Other urls found in this thread:

digitalocean.com/pricing/
twitter.com/SFWRedditImages

Go ask the admin for a dump

Not here.

Hmm. Low chance of success, but it would remove some traffic from them. I'll try, I guess.

this

AWS, or dump.

> AWS, or dump.
With AWS, I'd need to rent a few dozen independent machines to have a few dozen different IPs, I suppose?

Why do you need to download everything?

> Why do you need to download everything?
I try to correlate written stuff to one of the forums members via linguistic methods. Basically to catch my hacker.

IPs = $$$

No one will do it free for you.

Just reset your router every time you idiot. New IP for free

How likely is it to get a dump this way? Anyone tried it before? It makes sense for admins to provide the dump rather than endure scraping?

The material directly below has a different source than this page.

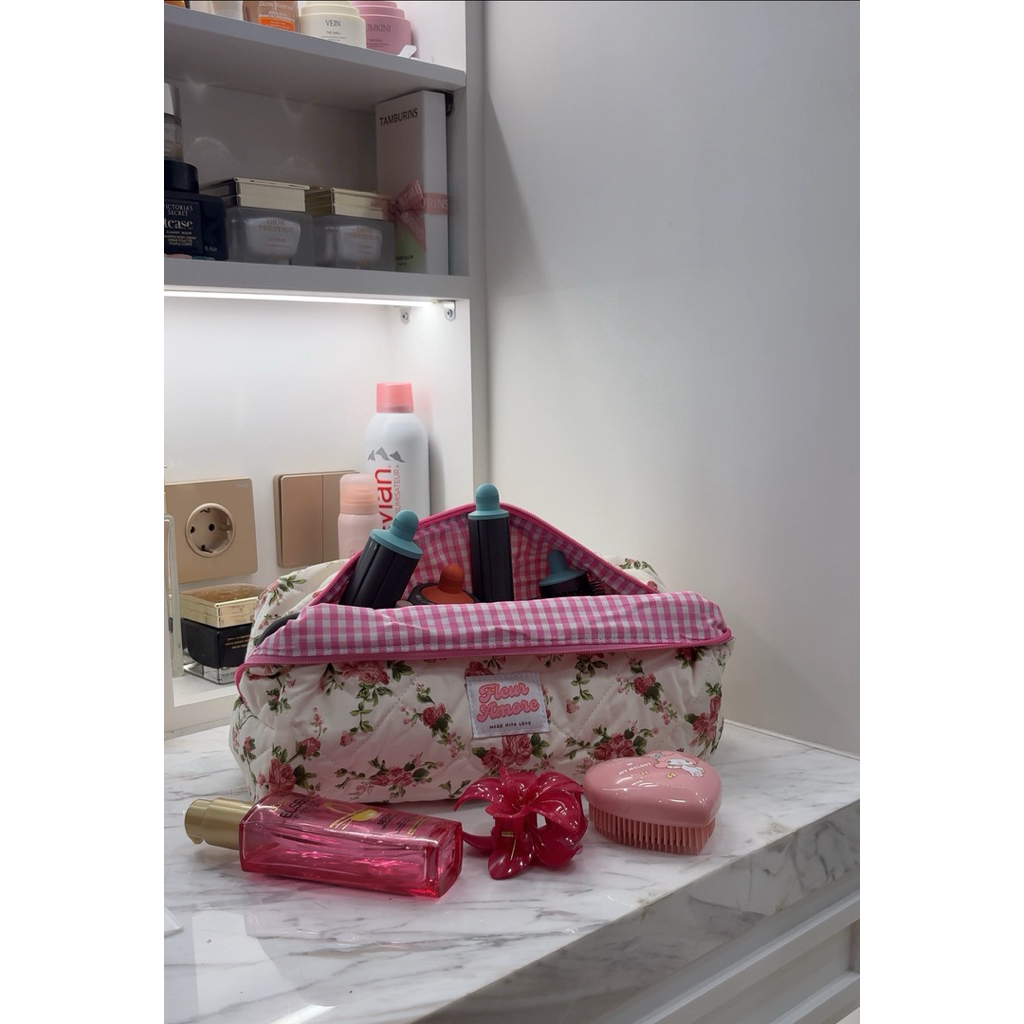 Pink Fleur Dyson Bag (Tas Dyson/Pouch Dyson) tas hairdyer ❤️☁️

I usually run wget or a Python script from a bunch of machines. After all, you rent them by hour so it isn't expensive. It probably looks like shit on the server, though.

Completely depends on the admin and how you ask. Got a rough estimate on cost to rent those machines?

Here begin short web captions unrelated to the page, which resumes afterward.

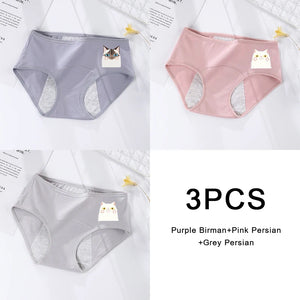 3PCS Large Flow Menstrual Briefs
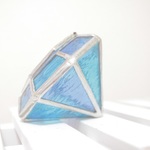 blue brilliant ステンドグラス＊アクセサリーケース＊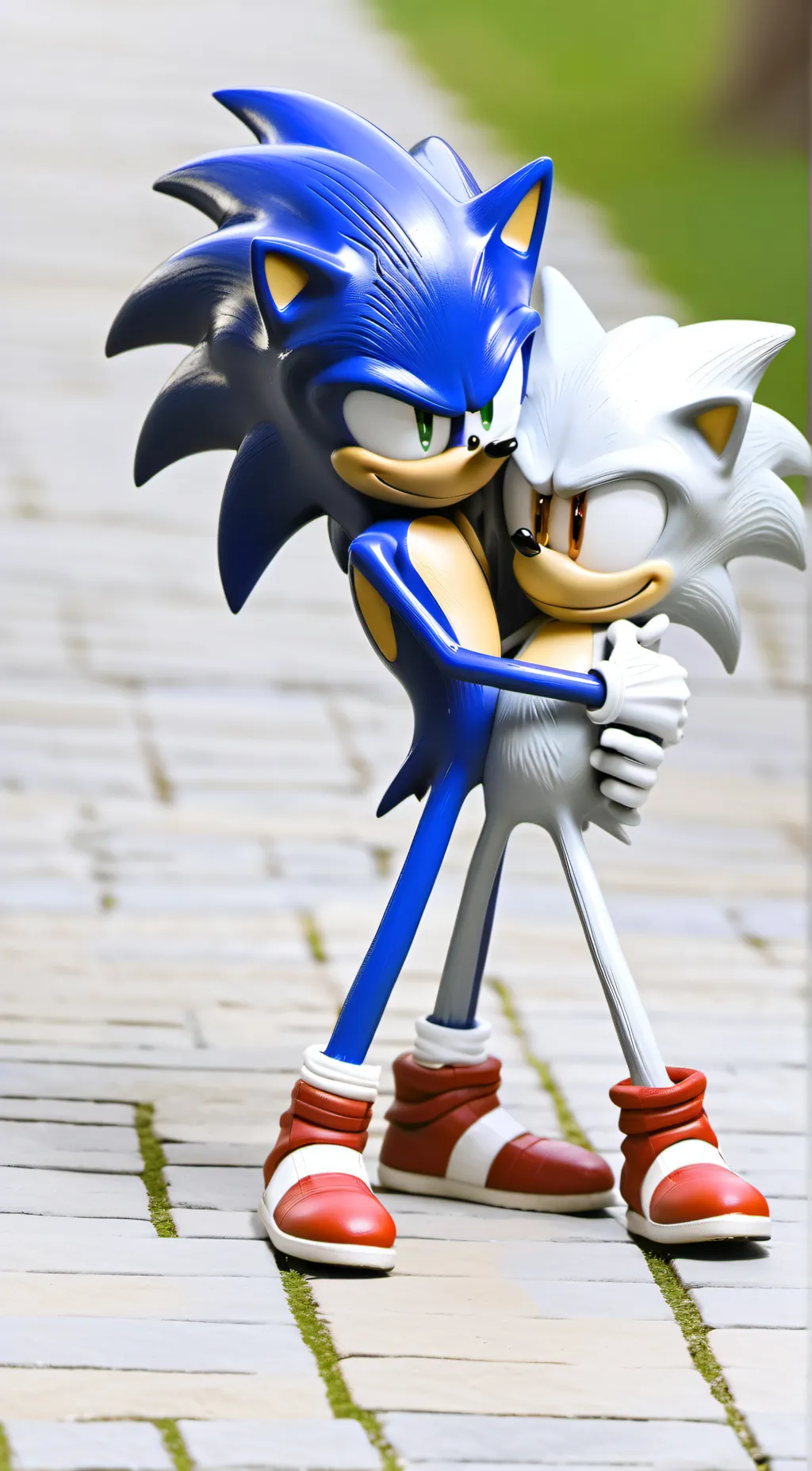 ai character: sonic x shadow  background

Check out the hourly pricing on, Digital Ocean, for example:
>digitalocean.com/pricing/

You set up one machine (the cheapest one will do for scraping - $ 0.007/hr) and just clone it a bunch of times. I don't know if there's a limit on how many you can set up at once. I think Digital Ocean says in their ToS that you could be shut down for scraping, if someone complains, but I never went near causing a denial of service attack and choose a slow pace to scrape at.

Noone said I expect to get that for free.
I'll pay up to a hundred bucks in Bitcoin for that.

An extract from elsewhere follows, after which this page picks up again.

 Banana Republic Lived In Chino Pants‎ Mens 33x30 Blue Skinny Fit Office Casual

You have no clue whatsoever. The problem is rate-limiting per IP, not "banning" or whatever you experience when you have to reset your router. Protip: you can simply reconnect too.

I started with httrack, where I can set connections/sec and threads. I am effectivly limited to 1 html download per second, taking ten days only to download a list of the users.

>limited to around one connection per second
so dont close the connection? (use pipelining)
or are you trying to say one request per second?

also why dont you download the not so recent stuff from google cache and then only down load the diff from source? if that shit is Biblically available google must have indexed it

>Biblically
kek, meant to say publicly, fucking autocorrect

Not cached by google, but it's on archive.org. Will check if there's a useable mirror there, thanks!

In fact it is cached by google! I'll look into that, although at some point archive.org and google will rate-limit or block me as well.

i doubt google even cares about the rate you fetch cached read-only content from them, they probably have that shit stored across multiple instances and with each request you'll be just ping-ponging between them
they have _massive_ data uploading capabilities, your requests are like a rain drop in an ocean
gl

Very true! Still, why do I have to solve captchas to prove I am a human on google search, every other month? Ah well, every independent source helps! archive.org, google and the original forum. Then with three different IPs, that's a tenfold speedup already. Maybe I can do it on my own, after all! Thank you, helpful user.

>hundred bucks to scrape an entire site with bots
wew lad

>why do I have to solve captchas to prove I am a human on google search
cause the last gateway between google and you is used by more people? (you have a shared ip address)

and i bettrr leave it at that, i dont really wanna ask on what country you live or this thread will turn to shit
>poo in loo?
god damn it, i cant help it, sry

>what is DHCP lease time